Abstract

This study examines home-based work in the informal field, which is an intense working form of women, in the light of critical feminist theoretical and methodological discussions, through women who break pistachios, which would set the context for local working conditions. Within this framework, reflections of the informal sector on the labor markets both in the world and in Turkey are briefly introduced in conceptual and historical themes. Later, labor-capital contradictions in the informal sector and the most dramatic consequences of this contradiction experienced by women which were overlooked by mainstream economic methods and statistics, will be discussed. In response to this introduction, the processes of informal labor the pistachio-cracking 6 women in Gaziantep went through and how this labor was transformed with flexible employment policies and neo-liberalism have been questioned.

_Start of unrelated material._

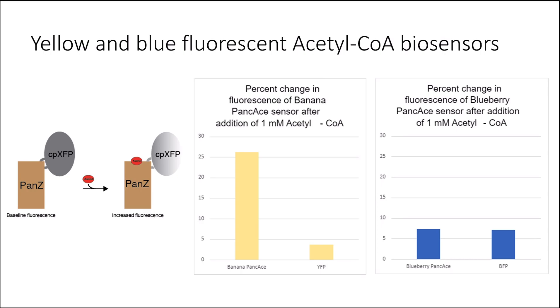The biosensor uses a circularly permuted fluorescent protein as a reporting domain and a protein called pansy as the acetyl-CoA binding domain. The addition and binding of acetyl-CoA will induce a conformational change in the biosensor that increases the amount of fluorescence. We named the yellow fluorescent protein biosensor banana pancake and the blue fluorescent protein biosensor blueberry pancake. The banana pancake had a 26.2% fold increase and the yellow fluorescent protein had a 3.67% fold increase when we added one millimolar acetyl-CoA, while the blueberry pancake sensor had a 7.35% fold increase and the blue fluorescent protein control had a 7.15% fold increase.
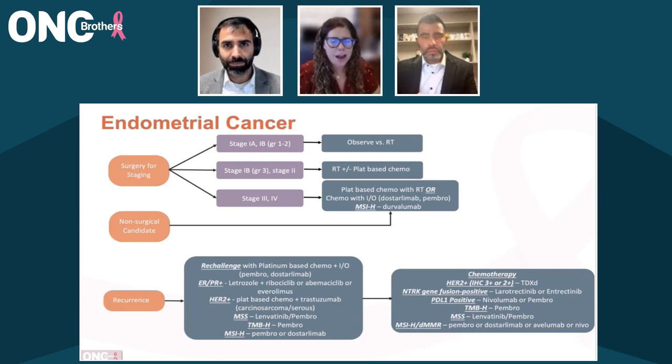Right now, in general, we're utilizing the typical pathologic features: depth of invasion, grade, and the presence of lymphovascular space invasion. What we're learning, especially with early stage like stage 1A or early grade 1B, is that probably less is more. The majority of those patients likely can have just as good outcomes if we observe them and watch them closely, rather than utilizing adjuvant therapy.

In this context, the exploitation of women's labor through competitive capitalism and patriarchal political-cultural practices are exemplified by the informal domestic labor processes of the pistachio-cracking women in Gaziantep. Beside these discussions, interviews have shown that the “invisibility” of women's work, which is considered mundane in the home, has increased. However, despite these negativities, it has been determined that women also meet their vital needs with this capital they have obtained. Finally, the distinctive characteristics of the informal sector, such as poverty and social insecurity, were also encountered in the statements of the interviewed women and it was determined that the combination of capital and patriarchy strengthened the secondary position of women.